Makale şöyle sonuçlanıyor: “Güzellik gibi bulanık bir konuda kesin sonuçlara varılmadan daha pek çok araştırma gerekecek.” Güzelliğin anlamını, deneyin maksatına uygun olsun diye, sadece duyumlardaki tatmin olarak varsaymanın üstüne bir de güzelliğin “bulanık” olduğu söyleniyor bize. Ona göre sadece bağımsız algılanabilir nesnelerin gerçek olduğu zihniyetin klasik örneğinde, güzellik kavramının bütün tarihi ve değerlendirme kültürünün gelişmesi böylece çöpe atılıyor. Peki, burada söylediklerim bize güzelliğin doğası hakkındaki soruları cevaplama hususunda nasıl yardım edecek? Açık ki, zevki ve zevksizliği duyumsayabilen özneler olmadan güzellik kavramı pek fazla anlam ifade etmez; ama bu tür zevki ortaya çıkaran nesneler olmadan da bir anlamı yoktur. Kant tarafından önerilen hangi nesnelerin hangi insanlarda ortaya çıktığının cevabı psikolojiyi de içeren, pek çok açıdan tarihsel, sosyal ve politik bir problem. (Ancak bu psikoloji, kültürel bağlamı dışlayacak deneyler yapma peşinde olmayan bir psikolojidir.)
Bilimsel araştırmayı yöneten varsayımların bazılarını, ait olmadıkları alanlara genişletme eğilimine direnmeliyiz.

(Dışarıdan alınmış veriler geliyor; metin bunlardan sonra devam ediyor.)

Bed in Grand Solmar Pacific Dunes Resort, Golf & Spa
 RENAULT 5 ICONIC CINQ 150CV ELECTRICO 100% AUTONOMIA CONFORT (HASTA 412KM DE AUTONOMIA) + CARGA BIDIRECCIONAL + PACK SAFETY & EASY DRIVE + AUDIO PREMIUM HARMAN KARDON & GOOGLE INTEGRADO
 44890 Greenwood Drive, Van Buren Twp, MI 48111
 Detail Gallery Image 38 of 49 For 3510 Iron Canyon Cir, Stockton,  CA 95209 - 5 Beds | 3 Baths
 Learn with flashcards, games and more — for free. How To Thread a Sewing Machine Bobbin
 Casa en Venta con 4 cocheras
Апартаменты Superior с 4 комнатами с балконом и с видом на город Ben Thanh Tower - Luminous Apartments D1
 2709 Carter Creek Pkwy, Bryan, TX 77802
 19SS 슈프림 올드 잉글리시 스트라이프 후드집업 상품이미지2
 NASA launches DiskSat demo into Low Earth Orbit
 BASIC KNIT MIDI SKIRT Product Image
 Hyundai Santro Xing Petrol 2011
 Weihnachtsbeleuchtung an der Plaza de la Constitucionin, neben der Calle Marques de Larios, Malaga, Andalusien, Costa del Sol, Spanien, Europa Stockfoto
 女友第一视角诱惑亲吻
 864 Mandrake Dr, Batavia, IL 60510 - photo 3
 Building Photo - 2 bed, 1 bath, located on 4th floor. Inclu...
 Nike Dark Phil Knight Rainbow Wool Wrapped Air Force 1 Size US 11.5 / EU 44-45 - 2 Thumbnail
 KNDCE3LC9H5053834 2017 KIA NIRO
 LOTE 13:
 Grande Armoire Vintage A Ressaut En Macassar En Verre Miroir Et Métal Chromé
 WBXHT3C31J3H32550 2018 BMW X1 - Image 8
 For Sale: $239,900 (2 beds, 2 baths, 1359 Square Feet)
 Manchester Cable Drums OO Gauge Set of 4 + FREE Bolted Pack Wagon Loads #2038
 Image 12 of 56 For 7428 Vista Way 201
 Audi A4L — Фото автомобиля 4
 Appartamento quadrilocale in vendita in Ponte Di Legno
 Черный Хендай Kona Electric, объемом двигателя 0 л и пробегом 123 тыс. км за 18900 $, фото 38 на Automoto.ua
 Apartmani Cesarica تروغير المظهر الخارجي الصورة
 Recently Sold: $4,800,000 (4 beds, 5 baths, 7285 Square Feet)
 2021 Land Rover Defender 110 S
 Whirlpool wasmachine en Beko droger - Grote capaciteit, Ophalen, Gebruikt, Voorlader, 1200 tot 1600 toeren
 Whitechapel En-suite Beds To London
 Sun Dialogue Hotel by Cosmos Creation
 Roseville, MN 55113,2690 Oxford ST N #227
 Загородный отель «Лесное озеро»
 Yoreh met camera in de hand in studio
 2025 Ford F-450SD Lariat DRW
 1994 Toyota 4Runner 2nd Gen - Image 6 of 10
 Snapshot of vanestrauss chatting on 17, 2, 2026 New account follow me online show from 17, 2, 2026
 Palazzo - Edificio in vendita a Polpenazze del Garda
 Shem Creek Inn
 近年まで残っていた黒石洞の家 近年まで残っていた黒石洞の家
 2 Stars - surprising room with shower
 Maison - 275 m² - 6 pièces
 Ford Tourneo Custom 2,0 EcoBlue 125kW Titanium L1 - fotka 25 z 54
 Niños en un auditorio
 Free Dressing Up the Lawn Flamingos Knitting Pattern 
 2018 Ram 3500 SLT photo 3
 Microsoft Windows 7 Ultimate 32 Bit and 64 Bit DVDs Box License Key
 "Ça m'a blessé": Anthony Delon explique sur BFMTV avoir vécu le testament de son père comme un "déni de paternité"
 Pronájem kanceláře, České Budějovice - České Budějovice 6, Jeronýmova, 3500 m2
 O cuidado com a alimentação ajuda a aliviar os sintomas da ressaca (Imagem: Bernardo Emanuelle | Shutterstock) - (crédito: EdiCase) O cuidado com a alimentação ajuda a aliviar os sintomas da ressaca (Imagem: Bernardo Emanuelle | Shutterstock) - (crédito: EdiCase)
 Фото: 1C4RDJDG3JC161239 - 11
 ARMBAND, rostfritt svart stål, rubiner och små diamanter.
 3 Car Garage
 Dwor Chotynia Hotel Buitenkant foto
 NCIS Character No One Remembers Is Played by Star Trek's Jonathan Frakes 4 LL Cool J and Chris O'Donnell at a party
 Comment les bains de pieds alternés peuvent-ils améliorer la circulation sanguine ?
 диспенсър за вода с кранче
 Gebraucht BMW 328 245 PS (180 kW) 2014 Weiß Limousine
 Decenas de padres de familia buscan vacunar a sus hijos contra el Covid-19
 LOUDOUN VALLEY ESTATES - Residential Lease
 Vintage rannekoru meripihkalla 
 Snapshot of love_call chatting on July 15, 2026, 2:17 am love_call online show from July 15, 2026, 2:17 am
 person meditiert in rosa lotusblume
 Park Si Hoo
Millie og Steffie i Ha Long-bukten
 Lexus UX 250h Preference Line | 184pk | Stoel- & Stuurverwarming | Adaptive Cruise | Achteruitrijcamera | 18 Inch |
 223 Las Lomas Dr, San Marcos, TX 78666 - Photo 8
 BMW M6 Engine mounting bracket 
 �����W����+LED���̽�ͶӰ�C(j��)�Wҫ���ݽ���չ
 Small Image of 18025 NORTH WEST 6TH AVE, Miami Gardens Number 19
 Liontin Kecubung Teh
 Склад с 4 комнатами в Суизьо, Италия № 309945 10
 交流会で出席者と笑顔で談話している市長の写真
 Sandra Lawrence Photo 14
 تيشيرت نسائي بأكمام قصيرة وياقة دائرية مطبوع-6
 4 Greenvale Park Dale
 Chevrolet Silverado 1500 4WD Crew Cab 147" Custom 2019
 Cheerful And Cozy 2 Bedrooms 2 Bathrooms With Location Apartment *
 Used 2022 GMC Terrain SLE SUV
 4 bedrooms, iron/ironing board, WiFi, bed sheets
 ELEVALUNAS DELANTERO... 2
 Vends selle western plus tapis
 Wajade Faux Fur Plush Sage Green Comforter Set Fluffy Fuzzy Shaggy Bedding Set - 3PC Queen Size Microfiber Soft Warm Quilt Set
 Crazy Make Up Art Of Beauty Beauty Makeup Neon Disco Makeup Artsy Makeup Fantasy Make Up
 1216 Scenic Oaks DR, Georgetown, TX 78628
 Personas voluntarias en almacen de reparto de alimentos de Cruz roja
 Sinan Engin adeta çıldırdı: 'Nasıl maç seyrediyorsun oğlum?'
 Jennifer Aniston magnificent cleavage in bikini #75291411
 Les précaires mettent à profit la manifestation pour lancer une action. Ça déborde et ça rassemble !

Sonradan gelen psikoloji, Avrupa’daki güzellik anlayışının geniş çaptaki değişimini nasıl açıklar – özellikle de 18. yüzyılın ikinci yarısında vahşi doğanın tehdit olarak hatta çirkin olarak algılanmasından anlam ve hazzın kaynağı olarak görülmesi gibi bir değişimi? Kant, bu değişimi Herr de Saussure’ın bir görüşünü alıntılayarak ima etmiştir: Onun gibi buzlu dağları seven insanlar “deli”dir (burada buzlu dağ Mont Blac’tır, Saussure bu dağa tırmanan üçüncü kişidir) ve Romantik manzara resimlerinde, şiirde ve Beethoven’ın Pastoral Senfonisi gibi müziklerde gösterildiklerini söyler. Müzikte daha öncede bazı fırtınalar kopmuştur; ama Pastoral’daki gibi bir fırtına müziğe yeni bir tür vahşilik getirmiştir. (Bknz. Keith Thomas’ın Man and the Natural World kitabı) Bu tarz bir güzelliğin vahşi doğanın “malı” olduğunu düşünmek çok anlamsız olur; çünkü bu dönemden önce bu tarz bir güzelliğe sahipmiş gibi görünmüyor doğa. Ama yalnızca bireyin yansıması olduğunu söylemek de anlamsız olur (bırakın beyinde gerçekleşen bir şey olduğunu söylemeyi); çünkü vahşi doğanın durumundaki değişiklik, sanatı değiştiren (ve karşılığında sanat tarafından değişen), günümüzdeki turizmin başlamasına vb. şeylere neden olan bir supra-birey oluşumu. Yukarıda da değindiğim gibi, Kant, güzellik probleminin, sübjektif ve objektif arasındaki ilişkiyi nasıl düşündüğümüz hakkında sorular sormak için iyi bir yer olduğunu ve psikoloji araştırmalarında bu felsefi sorunun görmezden gelinemeyeceğini fark eder.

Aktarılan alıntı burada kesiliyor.